EXERCISE -
Look through the data below for the line with "MKH Plus Size" and the line with "For Toyota Camry", then transcribe exactly from the first through the second, leaving out all pictures.

DATA FOR PROCESSING -
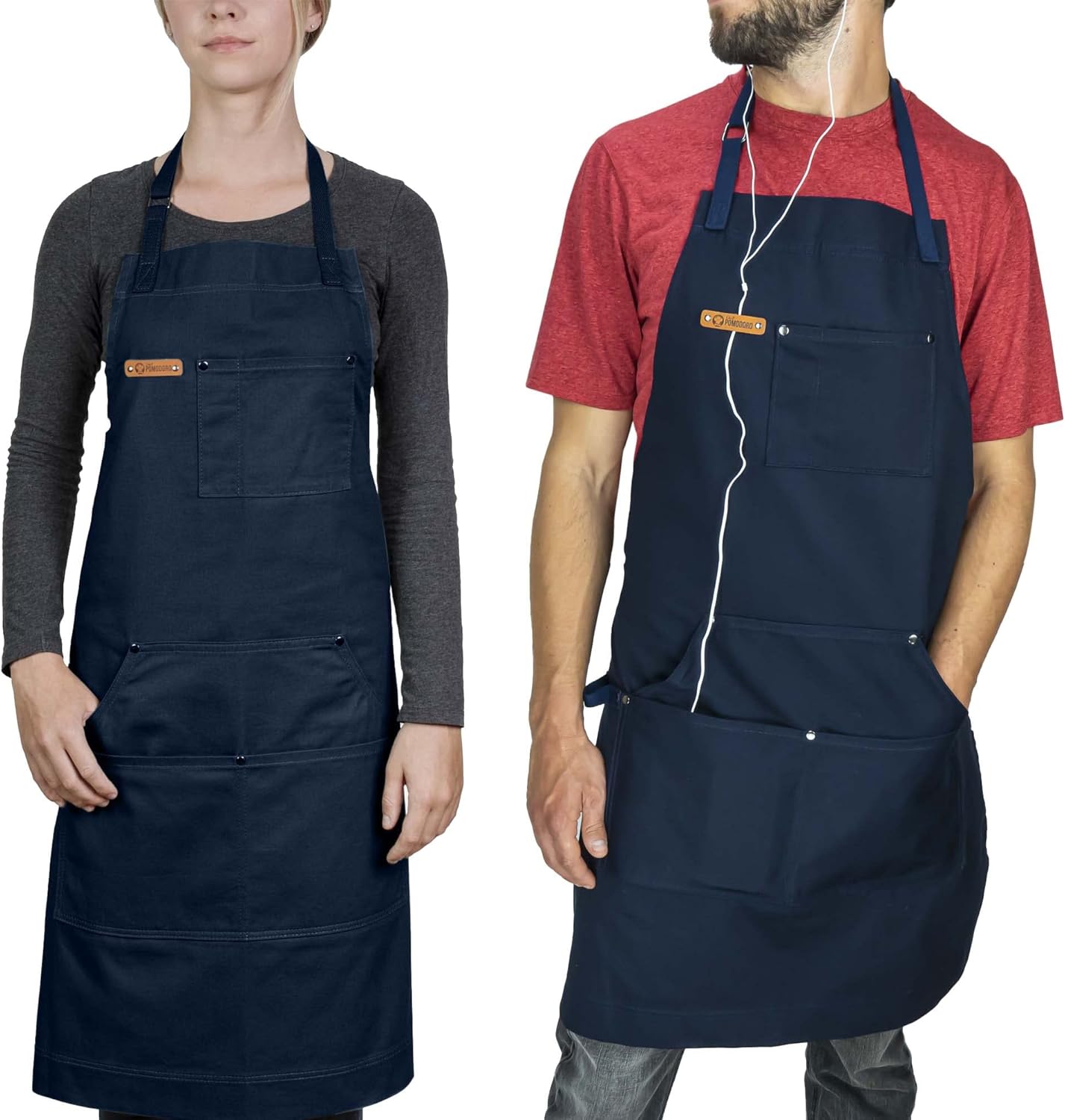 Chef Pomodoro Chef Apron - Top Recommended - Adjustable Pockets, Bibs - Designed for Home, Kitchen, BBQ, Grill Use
--
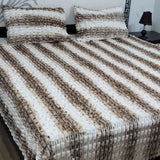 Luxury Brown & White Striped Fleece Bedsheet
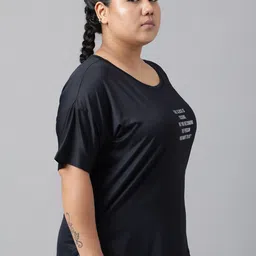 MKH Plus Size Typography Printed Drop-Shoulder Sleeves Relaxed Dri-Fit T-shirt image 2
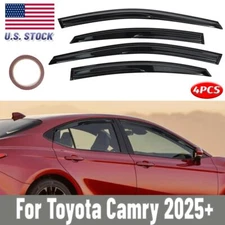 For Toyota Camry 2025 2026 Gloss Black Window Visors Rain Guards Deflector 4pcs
* * *
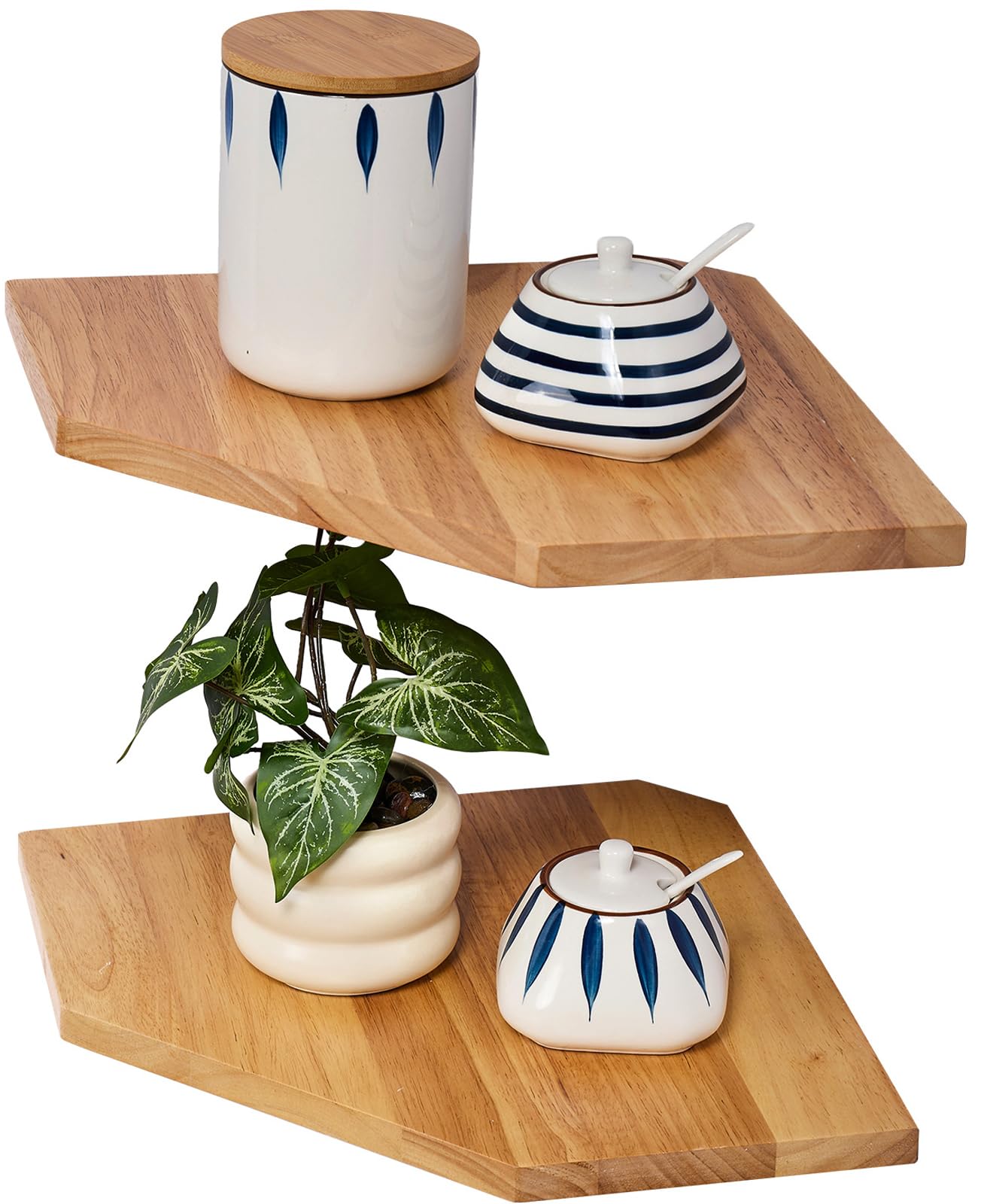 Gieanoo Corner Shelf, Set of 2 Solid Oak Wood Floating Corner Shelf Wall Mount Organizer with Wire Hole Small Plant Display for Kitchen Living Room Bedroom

ANSWER SECTION -
 MKH Plus Size Typography Printed Drop-Shoulder Sleeves Relaxed Dri-Fit T-shirt image 2
 For Toyota Camry 2025 2026 Gloss Black Window Visors Rain Guards Deflector 4pcs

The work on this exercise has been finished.